His book also covers the creation of UM’s own African Drum and Dance Ensemble, known as OMADDE, and the key players who helped Dor’s planted seed come into fruition.
In 2003, after the university acquired several carved Ghanaian drums, Dor founded the first African dance ensemble in Mississippi. Through his direction, the OMADDE is able to bring Dor’s interest of African music study and message of love to Oxford.
“In our own way, we are advocates,” Dor said. “We are preaching the message of love, of diversity and multiculturalism on campus.”
The OMADDE concerts have provided engaging experiences with African culture to Ole Miss and the surrounding area for years, said Robert Riggs, UM chair and professor of music.
“Dor was ideally qualified to write this book, because he could draw both on his own practical experience as well as on his background as a widely published scholar of African music,” Riggs said. “I anticipate that his book will be received as a major contribution to a field that is of increasing importance on American campuses.”
Dor, who is originally from Ghana, emphasizes the dance traditions of his homeland in his teaching.
“Africa is so vast,” Dor said. “People tend to view Africa in a monolithic manner, whereas a single African nation-state has several ethnic groups. I come from Ghana, where the major traditions are Akan, Ewe, Ga.”
One of the songs that OMADDE has performed, called “Let’s Move on to Our Destination,” has a subtle, yet poignant message in its lyrics:
“We’ve come so far, but because of human nature, we will make mistakes.

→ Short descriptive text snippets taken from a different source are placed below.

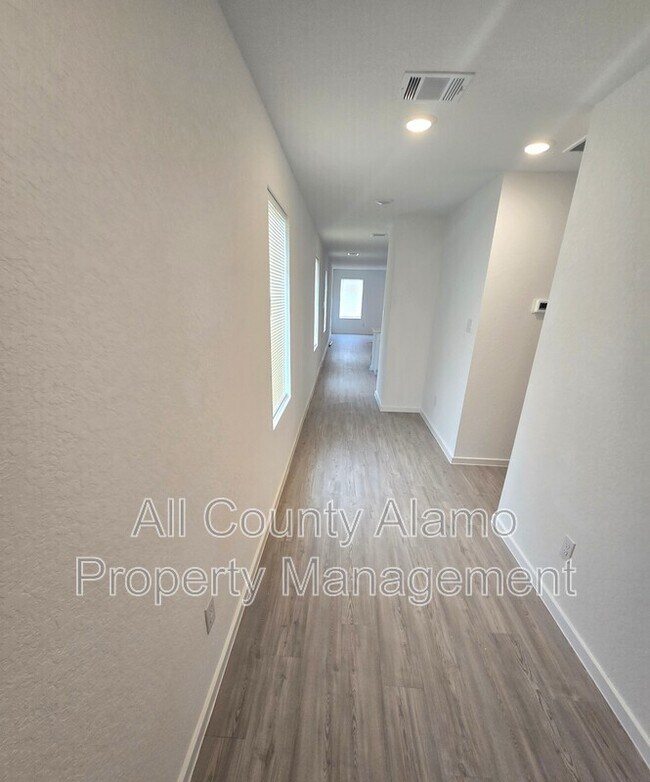 Foto del edificio - 14831 Onyx Pl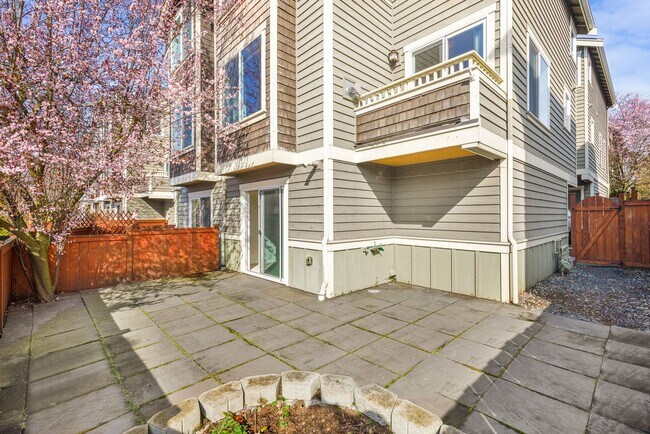 Building Photo - Fantastic Ballard 3 Bedroom 3 Bath Townhouse w/ Garage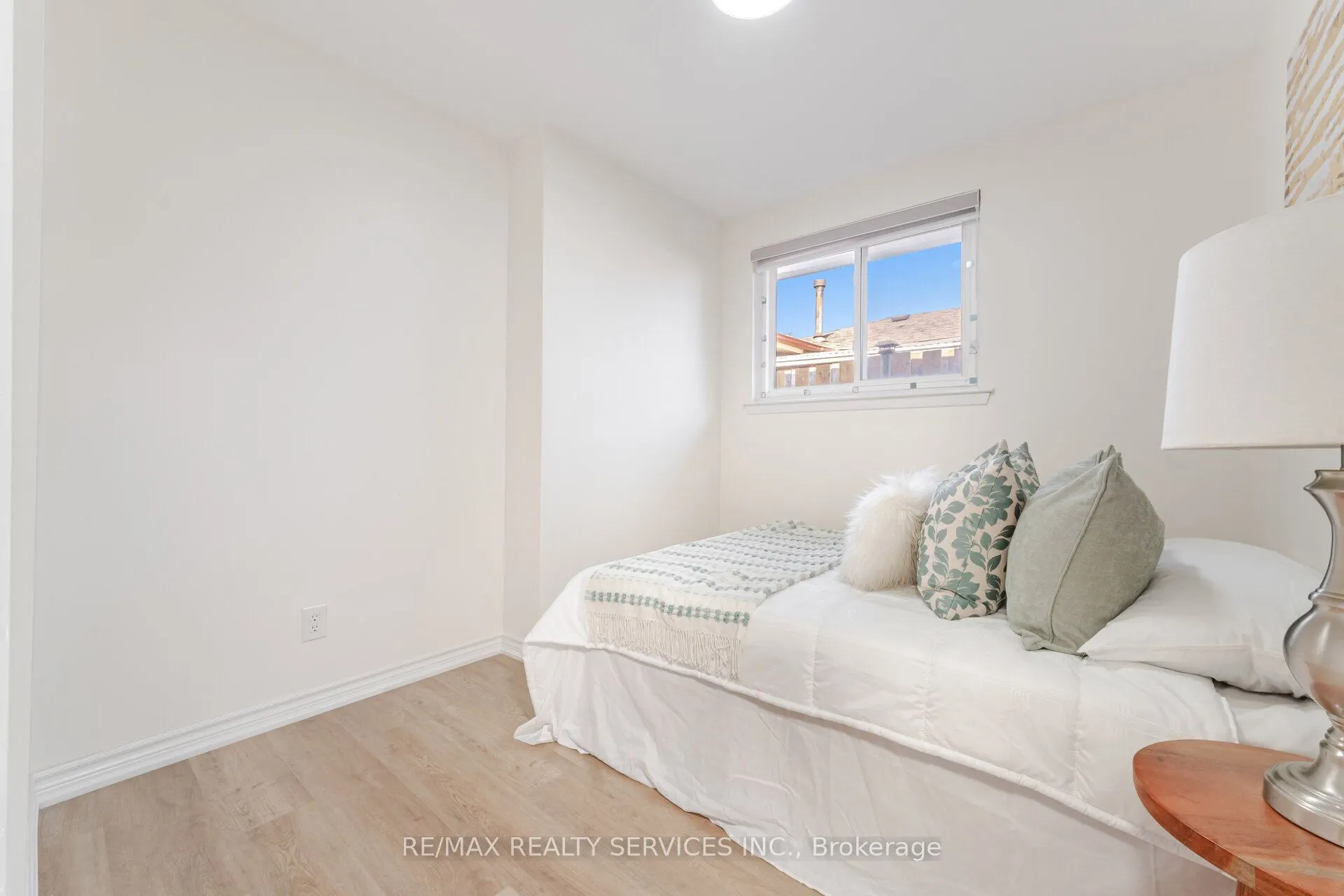 139 Rutherford Road N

But we will correct ourselves with and in love. Let us zoom ahead because we are pretty close to the destination.”
African Music and Dance is offered in the music department as a credit-earning course. And throughout the years, many students from different backgrounds and countries have participated in the ensemble, as well as faculty and others in the Oxford community.
“George and other ethnomusicology scholars like him have taken this genre of music and ‘transcontinentalized’ it for our western appreciation and enjoyment,” said Donald Cole, assistant provost and assistant to the chancellor for multicultural affairs. “George’s text serves as part of a diversity manuscript that he directs us through at the University of Mississippi. He brings this text alive in concerts held on campus. There, the theory meets the practice and one enjoys a total appreciation of West African drumming and dance.”
Dor hopes that the book not only serves as a model where African drum and dance ensembles can learn from one another, but as a tool to create awareness and garner greater support.
“There is a tendency here to emphasize only western music and traditions,” Dor noted. “African drumming and dance has been going on for over 50 years in the U.S. and Canada, but I am the first to write about this genre.
“I’m dreaming of a time where we will all see the importance of this. The ensemble is proof that diversity can be performed, as may be evident in the composition of the ensemble, participation of the audience dancing on stage or the message of songs.”